Musée des Arts Appliqués
Un petit musée qui donne à voir l’art de vivre de la noblesse et de la bourgeoisie des Balkans au travers d’une collection de meubles, d’objets et de vaisselle. Sympathique, une bande sonore met de la vie dans les salons et la salle à manger où des rires éclatent, des verres tintent et des pas s’éloignent sur le plancher grinçant laissant imaginer une ambiance fin XIXe- début XXe siècle. Des expositions temporaires ont lieu au rez-de-chaussée.
18 Vuka Karadzica. Tél. : +381 (0)11 2626 841. www.mpu.rs.

Où manger ?

Moritz Eis
Des glaces et des sorbets bio, sans colorant, à base de fruits et de légumes locaux… Un régal !
Vuka Karadzica 9. Tél. : +381 (0)60 5544455. moritzeis.com.

Mandarina Cake Shop
Krsto Radovic, un ancien du restaurant de l’Hôtel Square Nine, a monté sa pâtisserie qui fait des heureux tous les jours. Un bonheur pour les yeux et le palais.
Gracanicka 16. www.mandarinacakeshop.rs.

Ambar Restaurant
C’est l’adresse glamour de Savamala où les habitués dépassent la vingtaine. Côté carte, le chef excelle en revisitant à sa façon les classiques de la table Serbe. Côté musique, le week-end, le DJ offre un très bon son… un peu trop fort pour un dîner.
Karadordeva 2-4. Tél. : +381 (0)11 3286637. www.ambarrestaurant.com.

Ima Dana
Dans le Montmartre local, le restaurant offre une fenêtre sur le Belgrade de la belle époque où intellectuels et artistes se retrouvaient.
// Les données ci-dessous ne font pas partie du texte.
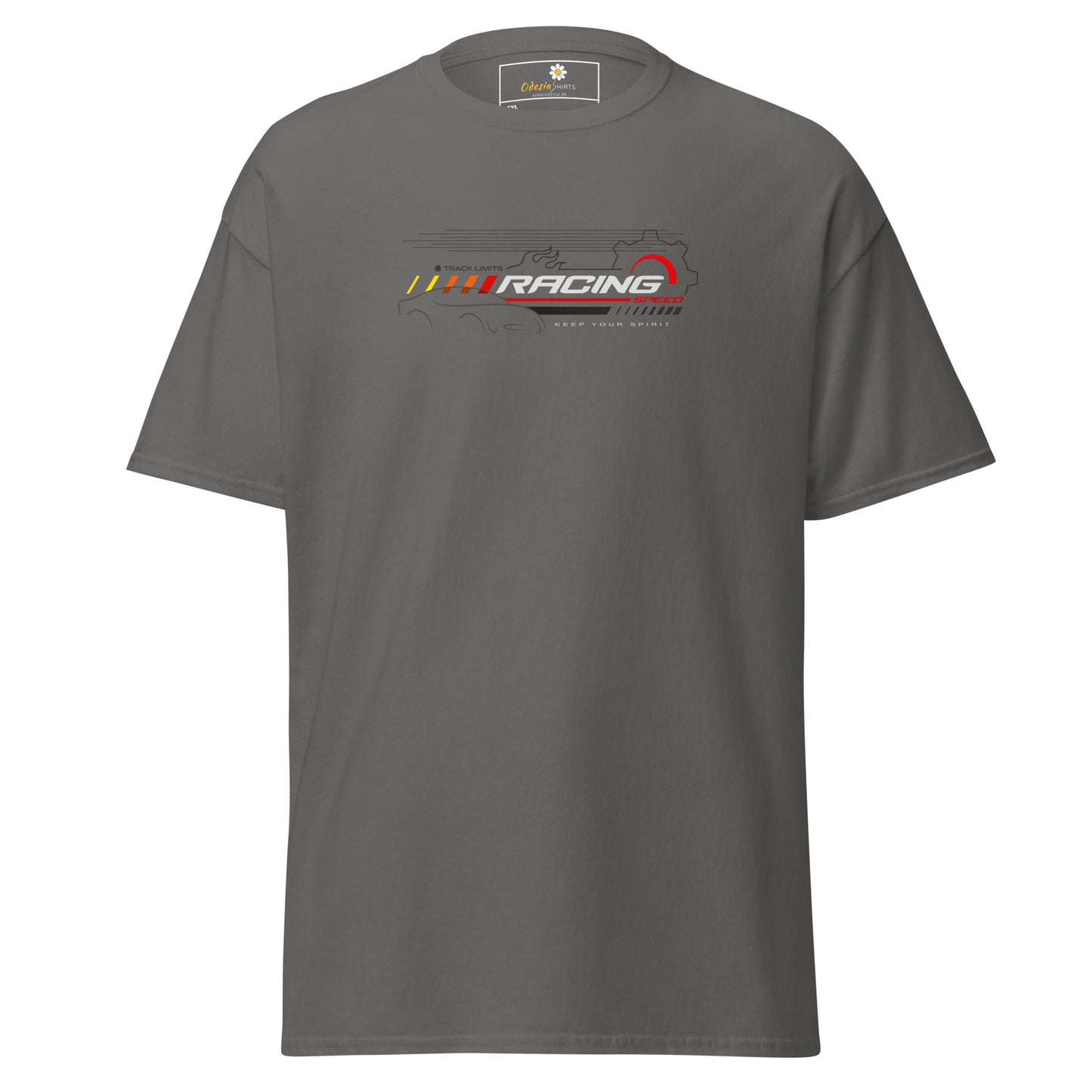 Unisex klassiek t-shirt - SPORT MOTOR CAR RACING - GROOT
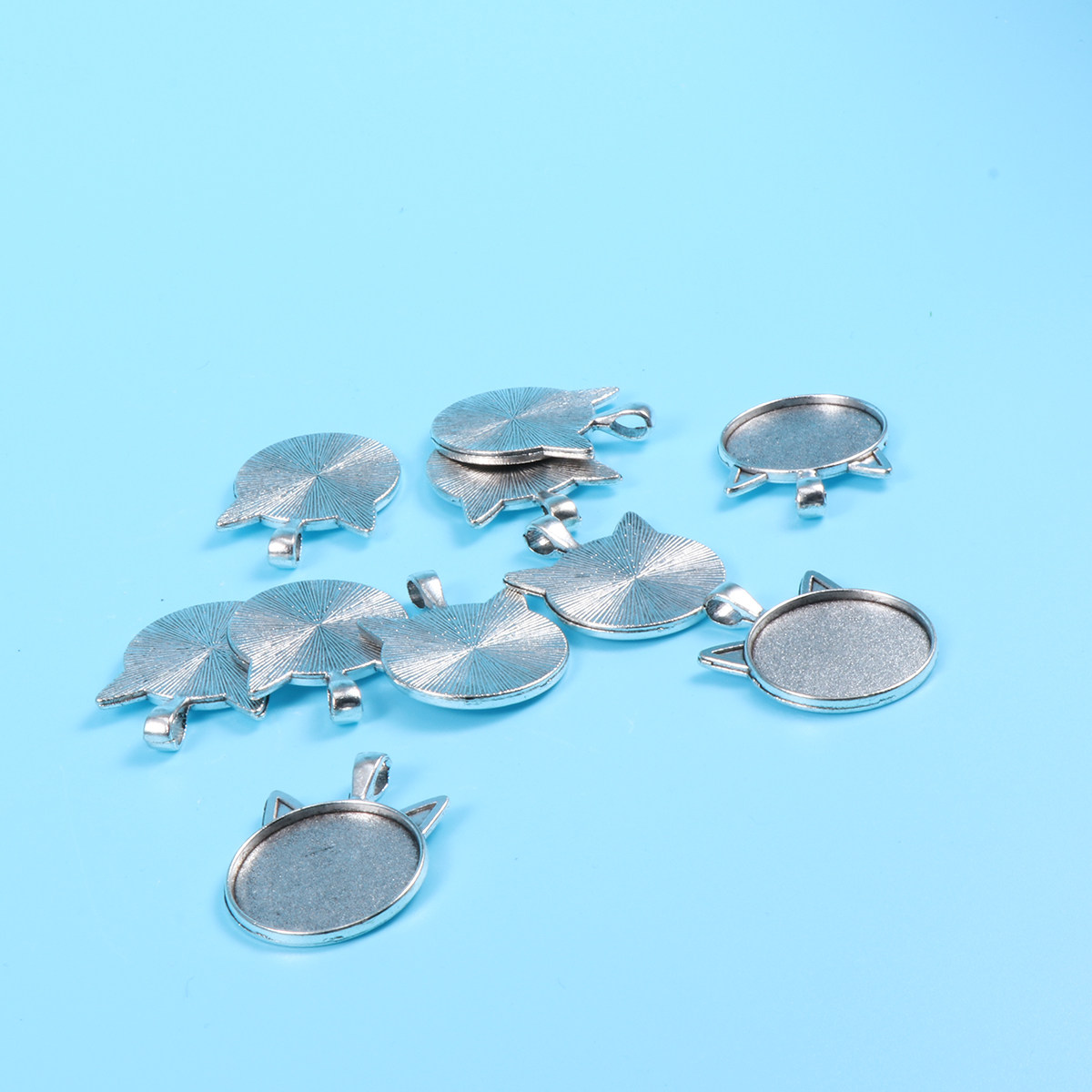 10 Piezas de Bases para Colgan - Resin Crafts Diy reseña y precio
Ce n’est sans doute pas la meilleure table mais l’ambiance musicale vaut bien largement de s’y arrêter.
Skadarska 38. Tél. : +381 (0)11 723 44 22. www.restoran-imadana.rs.

Shopping

Dub
Des kilims de Pirot, des assiettes vintage, des trousses pour enfant des années 50… Une malle à trésors où l’on apprendra tous les secrets des tapis locaux – entre autre !
Zetska 13. +381 (0)63 11 31 505.

All Nut
Dans le Design Center, cette boutique est un rêve qui chatouille les sens. On y vend des cosmétiques faits à la main, à base d’huile de prune, d’abricot et de noix.
Cumicevo Sokace 25. Tél. : +381 (0)60 44 24 777. www.facebook.com/allnutbelgrade.

Makadam
Petit nouveau, ce magasin- bar à vin décline une sélection de produits d’artisanat hauts de gamme. Incontournable comme le quartier, l’un des plus vieux de la ville.
Kosancicev Venac 20. +381 (0)11 26 30 272. www.makadam.rs.

À lire

– Histoire de Belgrade, de Jean-Christophe Buisson, éditions Perrin.
– Serbie, Mythologies balkaniques, de Gaëlle Pério Valero, éditions Nevicata.
– Fudbalski Klub Jugoslavija, de Christophe Calais et Alban Traquet, éditions Neus.